In connection with the cancellation and regrant of options (the “Stock Options”) to purchase shares of the common stock, $.003 par value (the “Common Stock”) of Cheniere Energy, Inc. (the “Company”) (discussed in Item 8.01 below), the Company’s Section 162(m) Compensation Subcommittee (the “Subcommittee”) of the Compensation Committee of the Board of Directors approved the execution of stock option agreements (representing regranted Stock Options) to certain executive officers of the Company, as described below. Each option regrant was evidenced by an option agreement substantially in the Form of the Cancellation and Grant of Non-Qualified Stock Options which is attached as Exhibit 10.1 to this Current Report on Form 8-K and incorporated herein by reference (the “Option Agreement”).

 

Each of Don A. Turkleson, Senior Vice President, Chief Financial Officer and Secretary, Zurab S. Kobiashvili, Senior Vice President and General Counsel, Jonathan S. Gross, Senior Vice President—Exploration, and Keith M. Meyer, Senior Vice President—LNG, was regranted Stock Options to acquire 200,000 shares of Common Stock. Mr. Turkleson and Mr. Kobiashvili were regranted Stock Options on July 27, 2005 and Mr. Gross and Mr. Meyer were regranted Stock Options on July 28, 2005. The exercise price of the Stock Options is $36.25 per share, which represents the closing price of the Common Stock on the American Stock Exchange on March 14, 2005 (the original date of grant), which was greater than the closing price on July 27, 2005 and July 28, 2005, the respective dates of the regrant. These Stock Options vest 66,667 on March 14, 2009 and 66,666 on each of March 14, 2010 and 2011.

 

Item 8.01. Other Events.

 

The Subcommittee approved the cancellation of options to purchase an aggregate of 1,300,000 shares of Common Stock and the regrant of options to purchase an aggregate of 1,300,000 shares of Common Stock, effective on the date of execution by the respective optionees of the Option Agreement.
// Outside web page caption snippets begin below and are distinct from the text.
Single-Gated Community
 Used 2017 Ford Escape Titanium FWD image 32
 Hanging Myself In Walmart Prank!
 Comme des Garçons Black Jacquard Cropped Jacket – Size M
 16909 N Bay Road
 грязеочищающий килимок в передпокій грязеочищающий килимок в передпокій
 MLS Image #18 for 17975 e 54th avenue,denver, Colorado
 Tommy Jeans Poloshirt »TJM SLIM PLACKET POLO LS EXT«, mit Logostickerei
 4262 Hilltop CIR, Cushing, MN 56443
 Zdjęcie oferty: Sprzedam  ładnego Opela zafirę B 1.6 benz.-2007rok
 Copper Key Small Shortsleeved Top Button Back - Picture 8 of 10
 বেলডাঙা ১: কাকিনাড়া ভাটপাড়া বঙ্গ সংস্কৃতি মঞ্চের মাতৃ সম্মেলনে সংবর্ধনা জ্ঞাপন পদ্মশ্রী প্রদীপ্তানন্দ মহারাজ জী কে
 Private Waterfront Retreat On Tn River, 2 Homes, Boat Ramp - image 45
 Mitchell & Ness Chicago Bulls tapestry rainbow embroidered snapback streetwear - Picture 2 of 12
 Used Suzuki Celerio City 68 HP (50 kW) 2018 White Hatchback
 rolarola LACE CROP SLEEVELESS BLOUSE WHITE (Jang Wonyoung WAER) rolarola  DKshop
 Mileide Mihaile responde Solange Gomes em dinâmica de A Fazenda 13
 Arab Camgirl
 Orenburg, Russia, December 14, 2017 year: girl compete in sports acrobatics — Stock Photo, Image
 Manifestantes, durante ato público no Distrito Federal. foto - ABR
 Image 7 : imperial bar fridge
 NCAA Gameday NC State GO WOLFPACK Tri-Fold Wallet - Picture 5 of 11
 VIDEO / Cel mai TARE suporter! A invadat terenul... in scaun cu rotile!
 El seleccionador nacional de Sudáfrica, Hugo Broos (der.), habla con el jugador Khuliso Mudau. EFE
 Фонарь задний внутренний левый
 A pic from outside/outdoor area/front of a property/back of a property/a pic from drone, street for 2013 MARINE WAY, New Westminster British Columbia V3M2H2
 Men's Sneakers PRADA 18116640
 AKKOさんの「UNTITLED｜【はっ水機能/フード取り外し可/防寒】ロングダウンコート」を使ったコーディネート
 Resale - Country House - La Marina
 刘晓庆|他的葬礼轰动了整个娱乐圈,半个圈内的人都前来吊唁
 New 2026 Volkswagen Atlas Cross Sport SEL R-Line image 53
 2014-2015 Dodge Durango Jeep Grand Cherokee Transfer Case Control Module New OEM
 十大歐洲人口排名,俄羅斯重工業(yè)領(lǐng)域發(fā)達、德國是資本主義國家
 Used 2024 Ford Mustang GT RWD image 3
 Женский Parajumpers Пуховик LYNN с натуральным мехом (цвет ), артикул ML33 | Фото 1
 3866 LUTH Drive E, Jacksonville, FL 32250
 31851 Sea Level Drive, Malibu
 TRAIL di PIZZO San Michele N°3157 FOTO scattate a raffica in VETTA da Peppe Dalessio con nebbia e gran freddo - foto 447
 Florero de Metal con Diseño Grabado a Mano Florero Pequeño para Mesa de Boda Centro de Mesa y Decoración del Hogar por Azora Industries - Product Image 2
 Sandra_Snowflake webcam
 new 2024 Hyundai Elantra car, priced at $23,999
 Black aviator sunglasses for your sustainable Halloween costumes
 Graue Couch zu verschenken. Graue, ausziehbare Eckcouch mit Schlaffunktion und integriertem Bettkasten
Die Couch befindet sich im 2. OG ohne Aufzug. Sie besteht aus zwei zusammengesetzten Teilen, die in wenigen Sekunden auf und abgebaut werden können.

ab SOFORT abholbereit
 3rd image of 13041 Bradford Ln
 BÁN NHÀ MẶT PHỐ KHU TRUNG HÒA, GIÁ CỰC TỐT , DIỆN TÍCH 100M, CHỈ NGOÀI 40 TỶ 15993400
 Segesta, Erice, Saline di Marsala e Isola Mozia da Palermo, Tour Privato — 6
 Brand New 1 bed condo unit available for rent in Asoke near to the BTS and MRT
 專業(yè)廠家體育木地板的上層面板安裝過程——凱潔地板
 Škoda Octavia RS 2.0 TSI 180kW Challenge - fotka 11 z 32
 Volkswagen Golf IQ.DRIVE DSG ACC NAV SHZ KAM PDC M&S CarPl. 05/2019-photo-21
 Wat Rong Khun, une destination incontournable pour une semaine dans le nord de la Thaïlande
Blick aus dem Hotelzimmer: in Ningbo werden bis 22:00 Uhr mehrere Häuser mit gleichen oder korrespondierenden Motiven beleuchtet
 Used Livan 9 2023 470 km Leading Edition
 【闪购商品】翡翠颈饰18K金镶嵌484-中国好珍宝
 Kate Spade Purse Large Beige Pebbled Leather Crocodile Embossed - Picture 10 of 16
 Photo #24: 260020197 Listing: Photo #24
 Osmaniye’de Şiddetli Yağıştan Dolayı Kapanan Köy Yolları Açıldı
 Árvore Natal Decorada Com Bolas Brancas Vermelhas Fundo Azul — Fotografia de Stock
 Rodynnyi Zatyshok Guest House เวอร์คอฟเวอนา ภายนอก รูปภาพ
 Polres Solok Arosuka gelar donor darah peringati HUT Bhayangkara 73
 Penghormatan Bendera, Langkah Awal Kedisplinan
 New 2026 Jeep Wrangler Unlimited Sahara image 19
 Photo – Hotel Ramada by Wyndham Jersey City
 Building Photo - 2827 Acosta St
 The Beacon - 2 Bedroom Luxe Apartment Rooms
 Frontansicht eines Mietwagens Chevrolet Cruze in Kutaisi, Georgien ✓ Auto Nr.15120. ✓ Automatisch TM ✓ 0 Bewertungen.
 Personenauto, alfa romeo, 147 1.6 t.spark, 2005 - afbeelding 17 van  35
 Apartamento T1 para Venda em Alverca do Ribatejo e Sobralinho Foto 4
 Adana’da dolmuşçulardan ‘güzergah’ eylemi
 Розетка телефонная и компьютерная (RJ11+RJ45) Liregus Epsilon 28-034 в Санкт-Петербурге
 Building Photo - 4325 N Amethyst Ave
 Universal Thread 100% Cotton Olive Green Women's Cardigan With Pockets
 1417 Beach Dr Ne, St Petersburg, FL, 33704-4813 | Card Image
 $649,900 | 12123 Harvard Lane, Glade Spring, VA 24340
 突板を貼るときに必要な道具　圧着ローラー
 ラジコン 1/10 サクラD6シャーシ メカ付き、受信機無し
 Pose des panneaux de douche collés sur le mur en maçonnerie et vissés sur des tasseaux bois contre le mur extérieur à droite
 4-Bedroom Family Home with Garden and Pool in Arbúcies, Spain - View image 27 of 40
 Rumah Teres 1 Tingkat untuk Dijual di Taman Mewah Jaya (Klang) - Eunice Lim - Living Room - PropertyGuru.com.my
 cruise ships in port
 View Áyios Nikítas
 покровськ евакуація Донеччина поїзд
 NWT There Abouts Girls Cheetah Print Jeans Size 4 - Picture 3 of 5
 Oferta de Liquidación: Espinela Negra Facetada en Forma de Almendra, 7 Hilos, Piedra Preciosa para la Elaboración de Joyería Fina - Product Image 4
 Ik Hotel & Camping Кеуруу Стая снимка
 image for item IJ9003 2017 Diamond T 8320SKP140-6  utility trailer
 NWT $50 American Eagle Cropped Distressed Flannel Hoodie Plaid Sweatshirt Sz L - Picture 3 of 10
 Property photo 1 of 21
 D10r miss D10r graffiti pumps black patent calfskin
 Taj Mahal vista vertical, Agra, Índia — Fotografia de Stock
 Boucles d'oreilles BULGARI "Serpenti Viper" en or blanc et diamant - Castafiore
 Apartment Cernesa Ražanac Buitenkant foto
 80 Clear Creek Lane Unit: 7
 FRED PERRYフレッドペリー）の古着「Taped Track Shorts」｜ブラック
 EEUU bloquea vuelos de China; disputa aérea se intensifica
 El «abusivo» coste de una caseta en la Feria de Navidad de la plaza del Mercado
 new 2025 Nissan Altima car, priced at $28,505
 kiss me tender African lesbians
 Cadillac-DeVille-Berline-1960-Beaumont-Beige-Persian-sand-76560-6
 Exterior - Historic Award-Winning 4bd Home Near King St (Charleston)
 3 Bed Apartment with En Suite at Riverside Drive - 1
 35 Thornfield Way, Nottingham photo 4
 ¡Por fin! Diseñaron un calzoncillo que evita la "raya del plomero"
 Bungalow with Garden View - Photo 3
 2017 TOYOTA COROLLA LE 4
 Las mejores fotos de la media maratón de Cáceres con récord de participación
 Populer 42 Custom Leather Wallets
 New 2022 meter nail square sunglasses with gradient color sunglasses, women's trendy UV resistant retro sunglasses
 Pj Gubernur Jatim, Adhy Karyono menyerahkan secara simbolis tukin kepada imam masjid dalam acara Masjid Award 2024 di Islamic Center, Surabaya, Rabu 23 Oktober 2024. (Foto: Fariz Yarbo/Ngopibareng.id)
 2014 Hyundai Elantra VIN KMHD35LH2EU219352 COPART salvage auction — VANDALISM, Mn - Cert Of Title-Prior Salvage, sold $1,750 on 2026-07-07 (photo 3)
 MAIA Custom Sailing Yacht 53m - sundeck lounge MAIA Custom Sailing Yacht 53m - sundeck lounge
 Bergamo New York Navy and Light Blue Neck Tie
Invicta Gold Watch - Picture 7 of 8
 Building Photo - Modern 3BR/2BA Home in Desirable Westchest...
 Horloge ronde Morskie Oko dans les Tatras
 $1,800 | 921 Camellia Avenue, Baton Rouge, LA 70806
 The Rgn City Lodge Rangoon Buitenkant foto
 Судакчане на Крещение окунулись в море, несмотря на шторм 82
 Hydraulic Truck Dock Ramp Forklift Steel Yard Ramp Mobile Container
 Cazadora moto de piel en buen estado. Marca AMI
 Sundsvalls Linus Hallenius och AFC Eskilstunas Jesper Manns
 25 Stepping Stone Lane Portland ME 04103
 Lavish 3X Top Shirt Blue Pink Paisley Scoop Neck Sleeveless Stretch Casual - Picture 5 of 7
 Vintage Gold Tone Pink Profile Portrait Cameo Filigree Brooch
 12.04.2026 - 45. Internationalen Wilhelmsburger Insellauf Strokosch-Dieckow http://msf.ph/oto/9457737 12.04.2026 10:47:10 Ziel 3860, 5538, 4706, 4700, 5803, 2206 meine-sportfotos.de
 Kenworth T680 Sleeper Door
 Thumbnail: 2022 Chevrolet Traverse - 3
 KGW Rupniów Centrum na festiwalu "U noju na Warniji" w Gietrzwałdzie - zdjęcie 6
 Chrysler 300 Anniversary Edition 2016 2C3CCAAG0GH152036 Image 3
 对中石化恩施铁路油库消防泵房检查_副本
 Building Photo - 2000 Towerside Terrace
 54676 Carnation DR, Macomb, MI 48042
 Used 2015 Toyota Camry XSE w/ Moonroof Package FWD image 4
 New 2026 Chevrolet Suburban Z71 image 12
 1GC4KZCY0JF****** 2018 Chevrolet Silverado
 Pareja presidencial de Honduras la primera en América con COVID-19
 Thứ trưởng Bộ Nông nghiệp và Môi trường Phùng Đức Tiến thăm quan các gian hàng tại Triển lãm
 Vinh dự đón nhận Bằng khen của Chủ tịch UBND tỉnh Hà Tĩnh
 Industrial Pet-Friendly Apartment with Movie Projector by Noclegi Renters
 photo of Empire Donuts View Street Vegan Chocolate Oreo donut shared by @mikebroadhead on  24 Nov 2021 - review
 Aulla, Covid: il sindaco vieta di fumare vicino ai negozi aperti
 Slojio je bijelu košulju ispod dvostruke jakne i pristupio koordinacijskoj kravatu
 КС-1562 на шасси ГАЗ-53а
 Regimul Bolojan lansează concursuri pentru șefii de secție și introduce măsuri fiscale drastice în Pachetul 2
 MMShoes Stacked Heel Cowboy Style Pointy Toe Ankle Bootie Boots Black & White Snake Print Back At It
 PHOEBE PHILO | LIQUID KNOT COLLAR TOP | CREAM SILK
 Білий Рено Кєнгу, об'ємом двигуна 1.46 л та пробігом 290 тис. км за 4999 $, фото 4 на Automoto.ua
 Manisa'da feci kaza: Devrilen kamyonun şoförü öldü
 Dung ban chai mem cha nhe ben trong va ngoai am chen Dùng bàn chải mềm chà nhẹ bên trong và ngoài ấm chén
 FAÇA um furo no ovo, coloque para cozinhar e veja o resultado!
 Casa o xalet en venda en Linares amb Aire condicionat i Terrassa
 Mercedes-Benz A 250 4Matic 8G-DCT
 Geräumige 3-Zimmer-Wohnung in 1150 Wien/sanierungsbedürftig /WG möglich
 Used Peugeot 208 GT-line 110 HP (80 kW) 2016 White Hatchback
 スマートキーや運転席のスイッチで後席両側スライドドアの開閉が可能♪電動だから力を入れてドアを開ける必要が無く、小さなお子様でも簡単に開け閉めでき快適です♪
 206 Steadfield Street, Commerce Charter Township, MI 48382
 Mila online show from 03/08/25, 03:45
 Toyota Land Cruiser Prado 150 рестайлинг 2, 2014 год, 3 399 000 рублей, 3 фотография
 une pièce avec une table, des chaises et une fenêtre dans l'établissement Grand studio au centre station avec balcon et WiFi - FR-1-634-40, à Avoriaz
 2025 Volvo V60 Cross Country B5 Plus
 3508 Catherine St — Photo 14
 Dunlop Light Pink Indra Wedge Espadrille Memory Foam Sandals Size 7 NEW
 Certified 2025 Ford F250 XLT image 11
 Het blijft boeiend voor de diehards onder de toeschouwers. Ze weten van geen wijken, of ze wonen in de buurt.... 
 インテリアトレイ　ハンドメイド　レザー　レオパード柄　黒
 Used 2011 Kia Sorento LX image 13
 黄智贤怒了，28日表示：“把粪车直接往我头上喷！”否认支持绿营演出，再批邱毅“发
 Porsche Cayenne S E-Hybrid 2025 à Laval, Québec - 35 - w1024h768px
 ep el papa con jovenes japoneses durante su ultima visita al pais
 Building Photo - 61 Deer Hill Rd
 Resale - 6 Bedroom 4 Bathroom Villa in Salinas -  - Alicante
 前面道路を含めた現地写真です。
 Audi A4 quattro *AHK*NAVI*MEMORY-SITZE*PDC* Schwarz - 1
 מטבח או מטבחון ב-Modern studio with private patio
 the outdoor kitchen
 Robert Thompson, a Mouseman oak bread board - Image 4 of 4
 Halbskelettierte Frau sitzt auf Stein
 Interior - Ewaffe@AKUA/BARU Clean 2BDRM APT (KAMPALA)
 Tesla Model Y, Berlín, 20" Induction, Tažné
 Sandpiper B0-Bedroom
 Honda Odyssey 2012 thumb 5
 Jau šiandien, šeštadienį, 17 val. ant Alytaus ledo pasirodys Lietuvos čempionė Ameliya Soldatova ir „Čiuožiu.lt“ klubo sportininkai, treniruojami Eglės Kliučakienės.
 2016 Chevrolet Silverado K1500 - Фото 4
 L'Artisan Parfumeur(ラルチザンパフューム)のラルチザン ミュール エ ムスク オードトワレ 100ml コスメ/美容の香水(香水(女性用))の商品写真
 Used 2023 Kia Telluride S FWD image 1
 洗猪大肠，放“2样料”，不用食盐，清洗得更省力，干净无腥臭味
The per share exercise price of each of the cancelled options was $36.25. These cancellations and regrants were effected under the Company’s 2003 Stock Incentive Plan, as amended, which expressly permits option exchanges.

 

Item 9.01. Financial Statements and Exhibits.

 

c) Exhibits

 

Exhibit
Number


 

Description


10.1   Form of Cancellation and Grant of Non-Qualified Stock Options (three-year vesting) under the Cheniere Energy, Inc. 2003 Stock Incentive Plan. (Filed herewith)

 

 


SIGNATURES

 

Pursuant to the requirements of the Securities Exchange Act of 1934, the registrant has duly caused this report to be signed on its behalf by the undersigned hereunto duly authorized.

 

    CHENIERE ENERGY, INC.
Date: August 1, 2005   By:  

/s/ Don A. Turkleson


    Name:   Don A. Turkleson
    Title:   Senior Vice President, Chief
        Financial Officer and Secretary

 

 


EXHIBIT INDEX

 

Exhibit
Number


 

Description


10.1   Form of Cancellation and Grant of Non-Qualified Stock Options (three-year vesting) under the Cheniere Energy, Inc. 2003 Stock Incentive Plan. (Filed herewith)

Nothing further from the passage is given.